I have mixed reagents for lab work. After spending 45 minutes mixing a solution, I wouldn't pour the last bit in there over a scale. :)

KL27x:

--- Quote from: Zero999 on January 23, 2020, 12:28:36 pm ---At the moment, only sizes above 0.5mm2 are standardised. For smaller gauges we're stuck with a mishmash of SWG and AWG, but it might change in future. I suppose it was more important to standardise larger conductors which are used for safety critical applications, such as mains power. The sooner the smaller sizes are standardised, in SI units, the better.
https://en.wikipedia.org/wiki/IEC_60228

--- End quote ---


--- Quote ---For smaller gauges we're stuck with a mishmash of SWG and AWG, but it might change in future.
--- End quote ---
Maybe they should standardize them to match AWG sizes? If that sounds weird...

...Americans use area to denote wire larger than half an inch diameter. Gauge for anything smaller. So this would be the same thing, in a way.

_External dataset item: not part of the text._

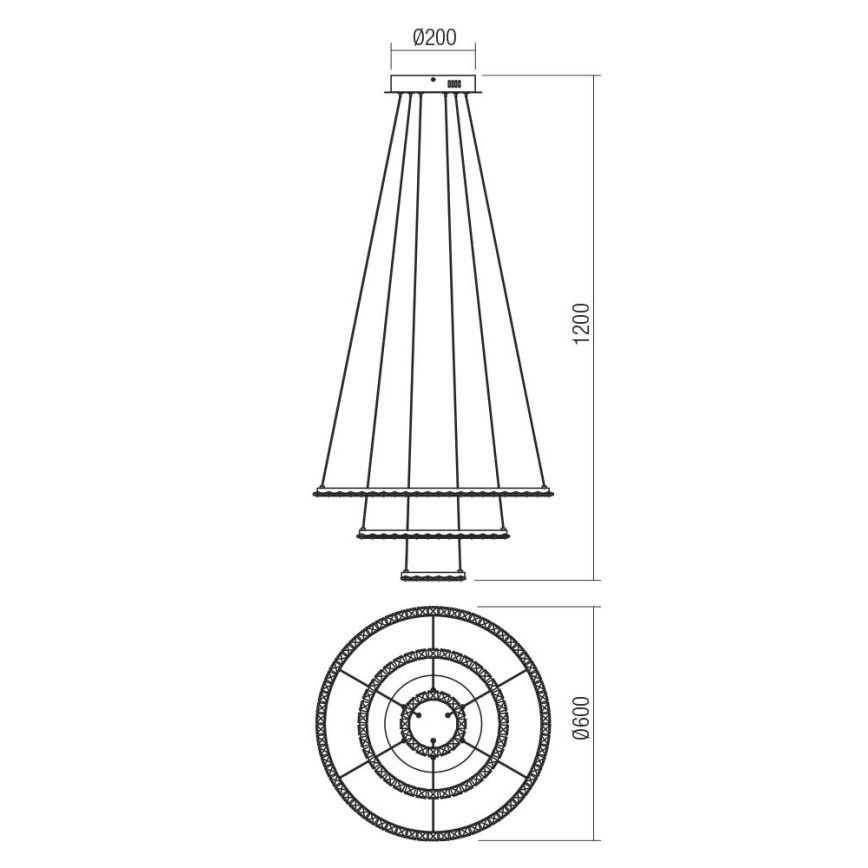 Redo 01-2173 - Светодиодная подвесная люстра NUNZIA LED/54W/230V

It appears the 0.52mm2 stuff you find all over is made to the American standard. Per wikipedia, 20 AWG = 0.518mm2 Not that this is a shocker.

;;;;
Now, I'm sure SWG will live on for quite awhile. But despite Britain implementing this SWG standard in 1880s, almost thirty years after Brown and Sharp invented AWG, they buggered it. Rather than sticking with a set percentage increase/decrease between steps, the Brits made their system piecewise linear, to make several areas of nice linear steps in while numbers. In imperial inches, of course. This was NOT future-proof and as well thought out, esp considering Britain is 20 miles from France.